101.5 WOWZ Chincoteague, VA, 108 miles, over local WBQB

105.7 W289CE Onley-Onancock, VA, 107 miles

RDS from relogs:


88.3 WRAU Ocean City, MD, 108 miles


89.5 WHRV Norfolk, VA, 135 miles


90.1 WHRX Nassawaddox, VA, 108 miles over Continue reading

New LPTV on channel 6 / 87.7 FM received

In a totally unexpected turn of events, I received the first new TV station in almost 4 years — without a TV.  As you may know, analog TV 6 is about 87.75 FM.  After the 2009 DTV transition, many major markets gained an LPTV station on these frequencies, Washington, DC included.  Over time, many of them converted their audio to FM stereo, often also with RDS.  DC’s 87.7 WDCN-LP does just this.
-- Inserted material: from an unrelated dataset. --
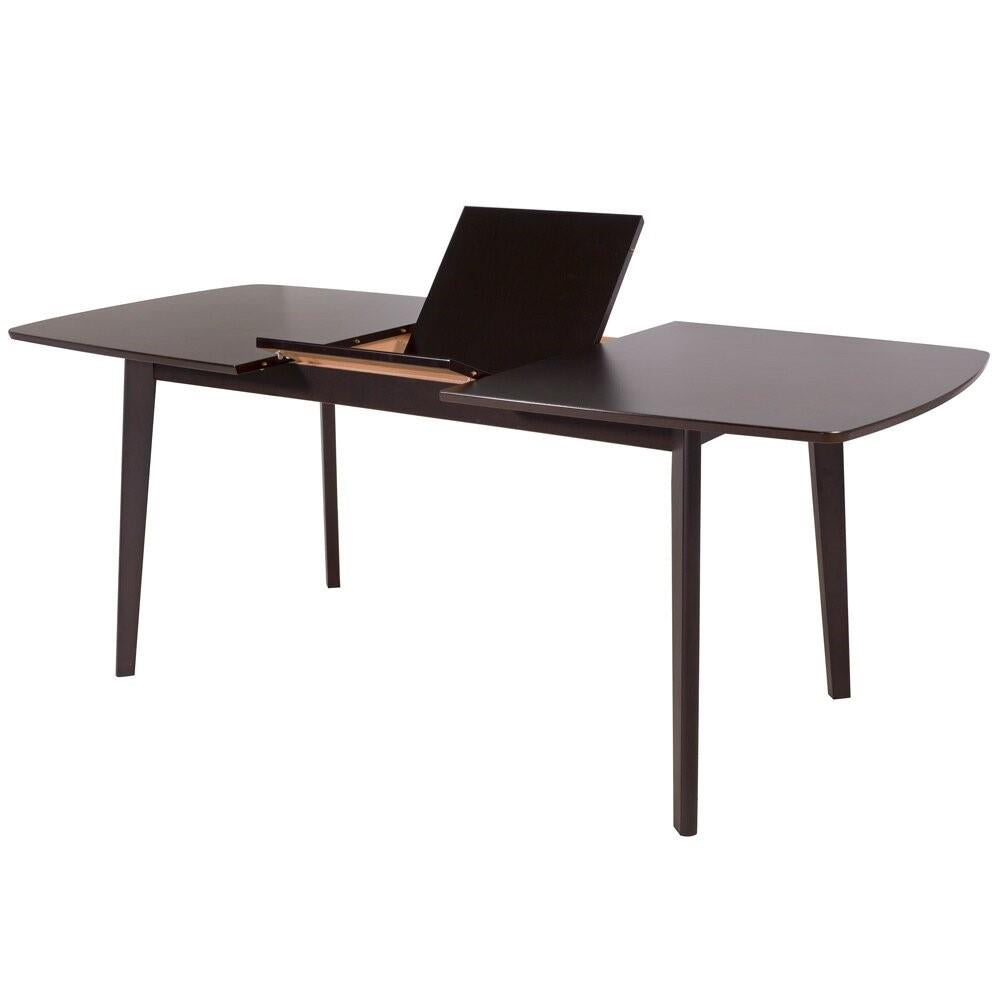 quality dining table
WDCN’s signal is very weak at my home.  I was trying to fine tune reception during a minor tropo opening on June 11.  Unexpectedly, I received another station over WDCN, WNDC-LP from Salisbury, MD.  Since this is technically a TV station, my TV Log have been updated with this new station.  I also decided to list 87.7 FM signals in my FM Log since they are, for all intents and purposes, received and operate as FM signals, but they are only counted as TV stations in my totals.  My Audio section was also updated with WNDC’s clip below.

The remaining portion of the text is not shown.